Common Issues Due to Early or Late Baby Tooth LossLosing that first tooth is a milestone in every child’s life; however, did you know that when and how a child loses their baby teeth can affect their orthodontic needs later on?

Losing baby teeth too soon, too late or in the wrong order can cause the new adult teeth to come in in the wrong position. The severity of this misalignment will determine the extent to which they will need orthodontic treatment in their teens.

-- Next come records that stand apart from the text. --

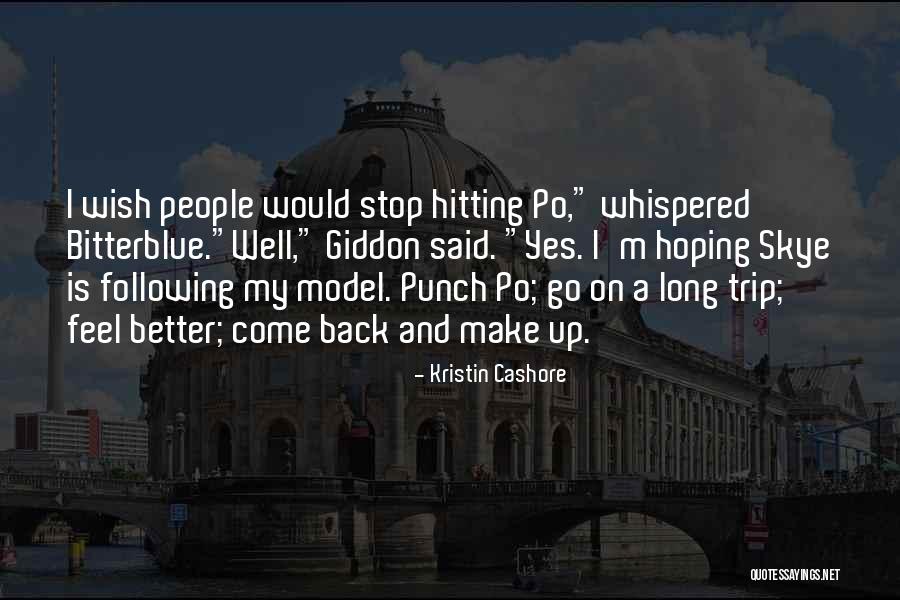 Kristin Cashore Quotes 2074953 Kristin Cashore Quotes 2074953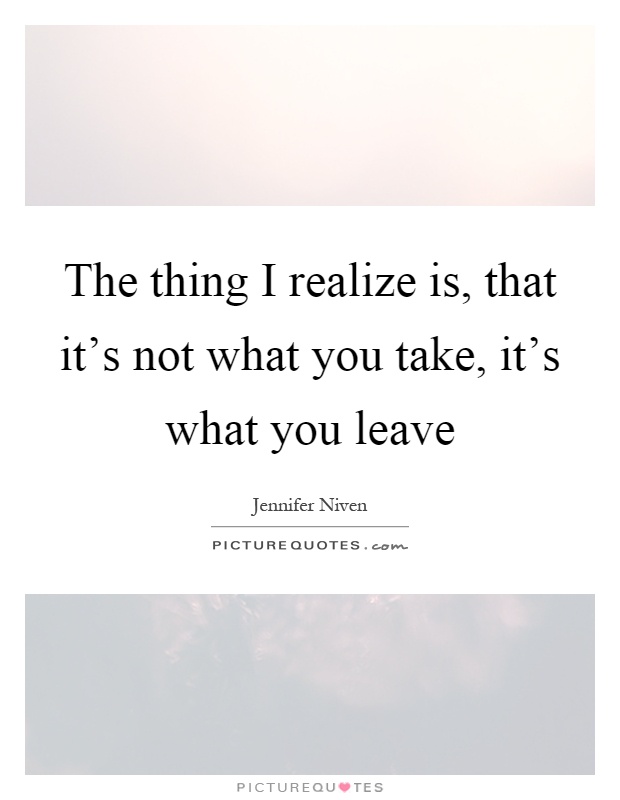 The thing I realize is, that it's not what you take, it's what you leave Picture Quote #1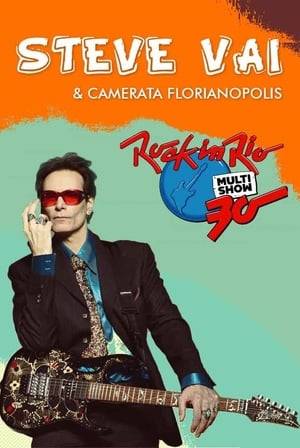 Steve Vai and Camerata Florianópolis at Cidade do Rock, Rio de Janeiro, Brazil on September 25, 2015. Setlist: Kill the Guy With the Ball / Racing the World / The Murder / Velorum / Whispering a Prayer / The Crying Machine / Lotus Feet / Fire Garden Suite IV - Taurus Bulba / Liberty / For the Love of God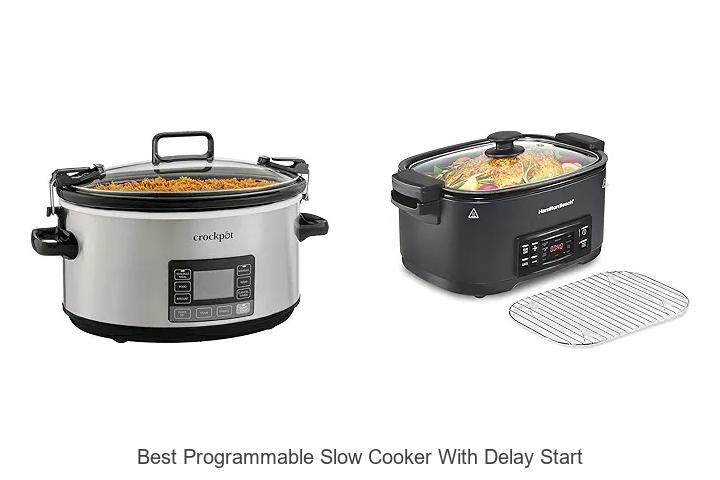 Top 15 Best Programmable Slow Cooker With Delay Start!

One of the most common issues caused by losing baby teeth too early is crowding. Baby teeth preserve space for adult teeth. If baby teeth are lost too early, that space can be lost and cause the adult teeth to come in crooked. Alternatively, if baby teeth are lost too late, the underlying adult teeth can become crowded, and may not be able to push out the baby teeth. It’s important to note that pulling baby teeth may not correct this kind of crowding.

Another issue that can arise when baby teeth are lost late is that the adult teeth can erupt before the baby teeth are gone. This results in two rows of teeth. In most cases this corrects itself over time; however, it is important to take your child to the dentist every 6 months so your dentist can monitor your child’s progress.

Late tooth loss could be a sign of a missing adult tooth. Baby teeth need adult teeth to push them out. If an adult tooth is missing there is nothing to loosen the baby tooth and start the process. Congenital missing teeth affects 1% of the population. If you are worried that your child may be missing an adult tooth, contact your dentist for an x-ray. If your child has a missing adult tooth your dentist may recommend preserving the baby tooth, replace the missing tooth with an implant or depending on where the missing tooth is and how noticeable it is, close the space with braces.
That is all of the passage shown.